Rosewood Miyakojima
- At Rosewood Hotels & Resorts’ first property in Japan, on Miyako island in Okinawa prefecture, there are 55 oceanside villas with direct access to the beach.
- Miyakojima is part of the Ryukyu Islands, known as one of the world’s famed Blue Zones, a region where people famously live longer than average.
- At Maas, one of four restaurants and bars at Rosewood Miyakojima, guests can savor the freshest seafood sourced from the waters off of Okinawa.
- Bungalows blanketed in lime green foliage serve as individual treatment rooms at Asaya Spa, with offerings ooted in Okinawa’s health and wellness traditions.
- An immersive class delves into the 300-year-old Ryukyu tradition of Tsuboya pottery and brings guests closer to Okinawan traditions.

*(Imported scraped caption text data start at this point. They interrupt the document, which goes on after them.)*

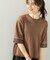 配色ラインニットTシャツ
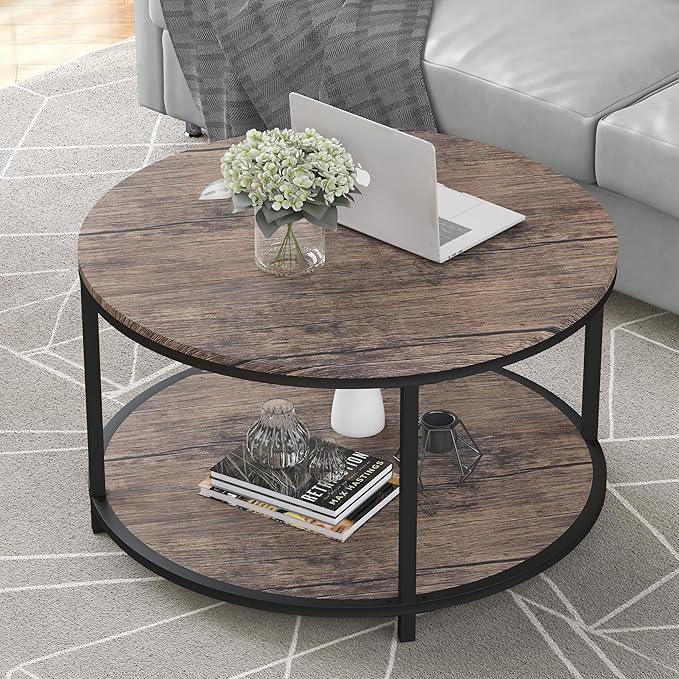 Round Coffee Table, 25.6" Small Coffee Table for Living Room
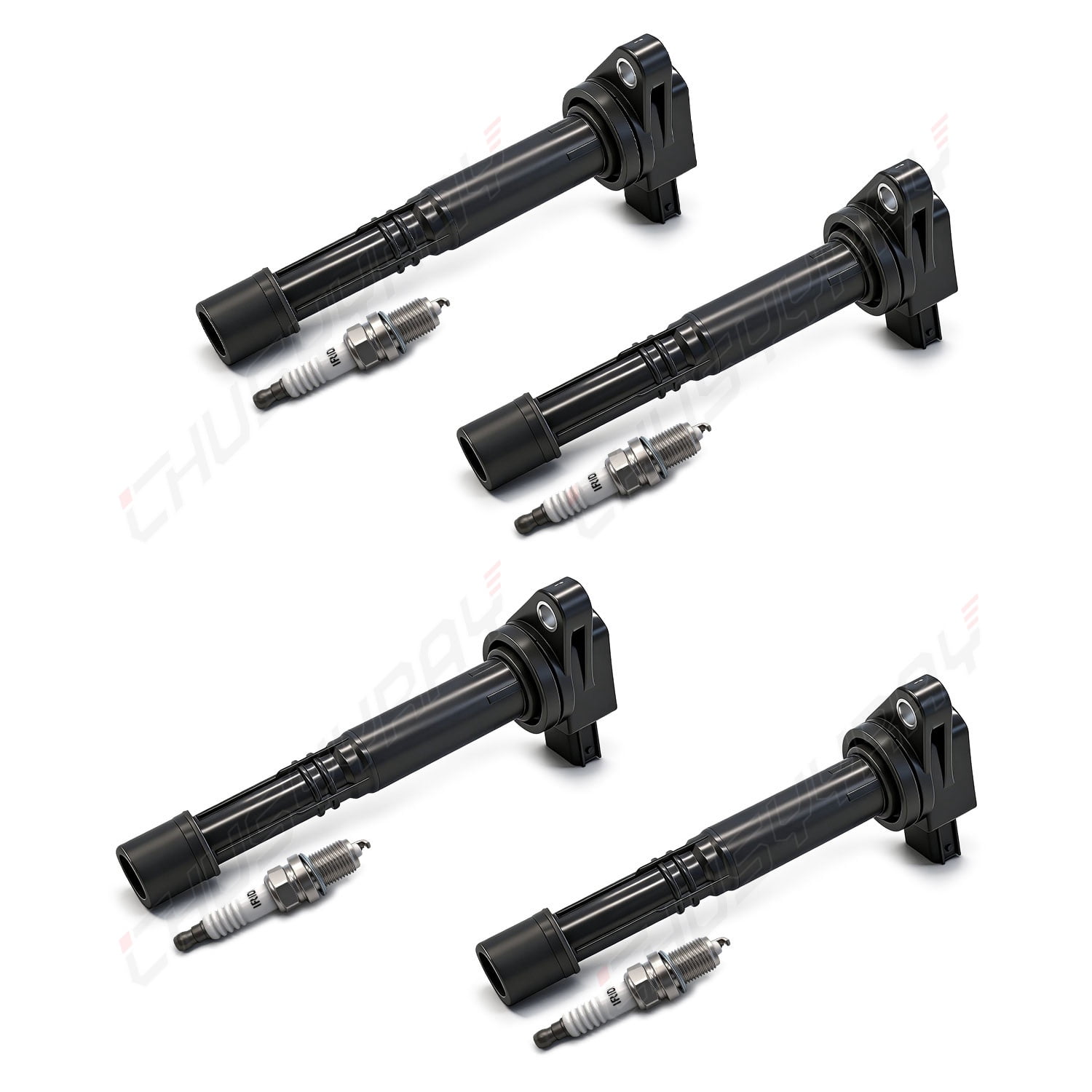 4 Set Ignition Coils & Spark Plugs FIT 03-07 Honda Accord Element 2.4L UF311
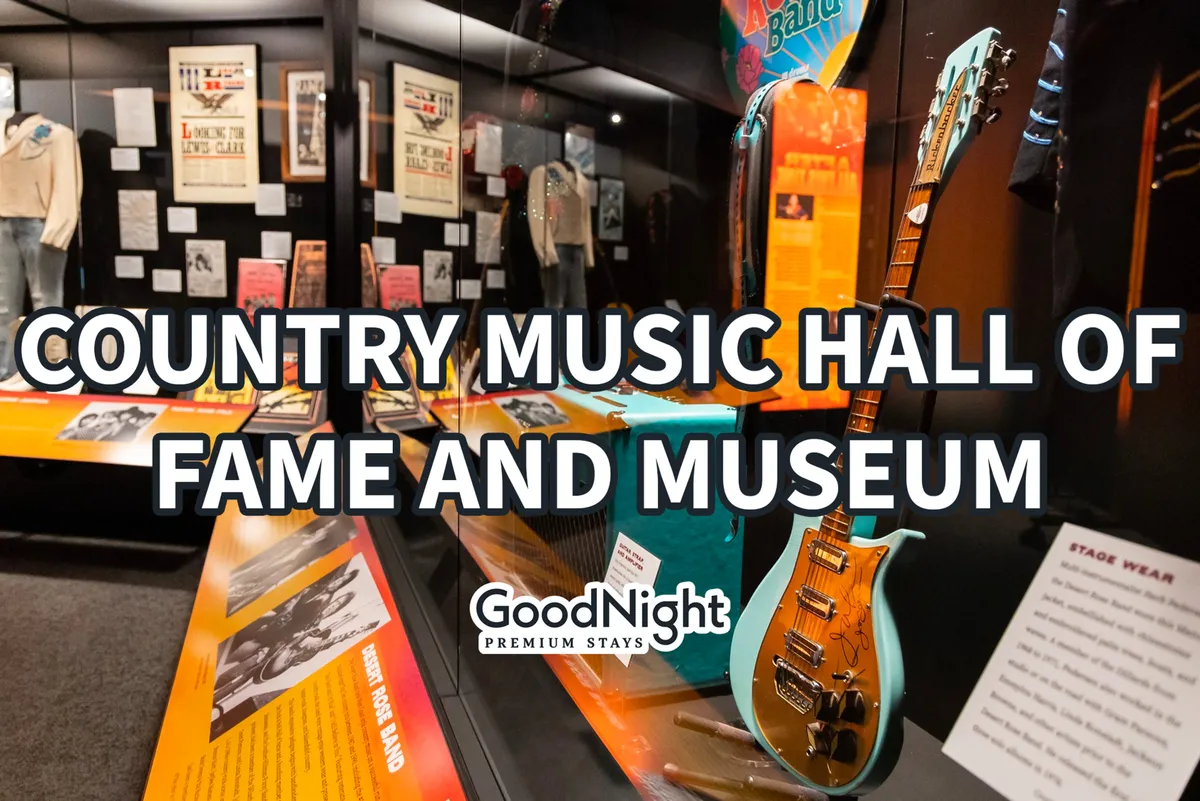Inside the Country Music Hall of Fame, this image displays a guitar exhibit, vintage clothing, and educational plaques. The interactive, celebratory setting invites families to discover Nashville’s musical heritage together.
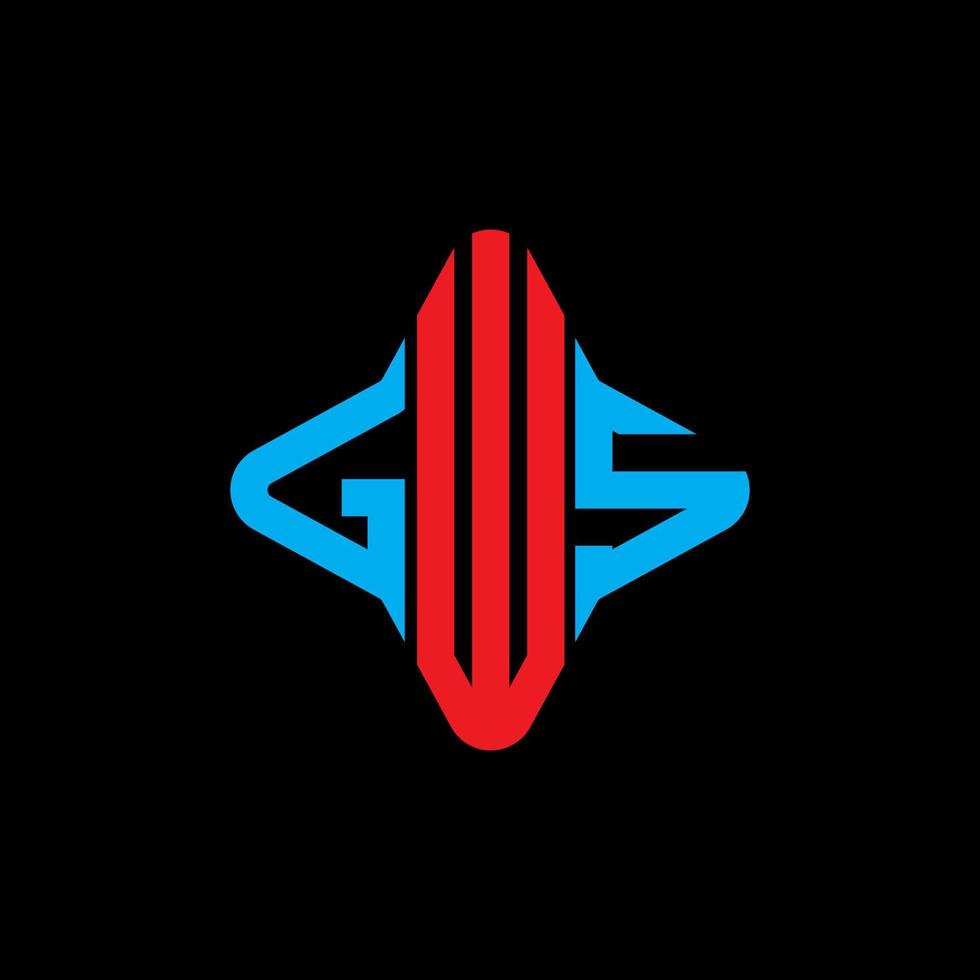 diseño creativo del logotipo de la letra gws con gráfico vectorial vector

After a decade of repeat visits to Japan, I‘ve never lost the sense of awe sparked by Tokyo’s network of sky-scraping buildings and Kyoto’s towering bamboo stalks. I’ve dipped into bubbling onsens in Beppu and prayed at century-old temples in Nikko, but I had never made my way to the southern Japanese islands. A 2.5-hour flight from Tokyo to Okinawa’s Miyako Island changed that and marked the beginning of my first Japanese beach retreat.
My 15-minute ride from the airport zipped past fields of bamboo stalks to Rosewood Miyakojima, flanked by an ocean of distinct blues. Flat-roofed accommodations claimed their position on a golden coastline blanketed in dewy vegetation. This setting was quite a change from Tokyo’s spirited crowds and 60th-floor views.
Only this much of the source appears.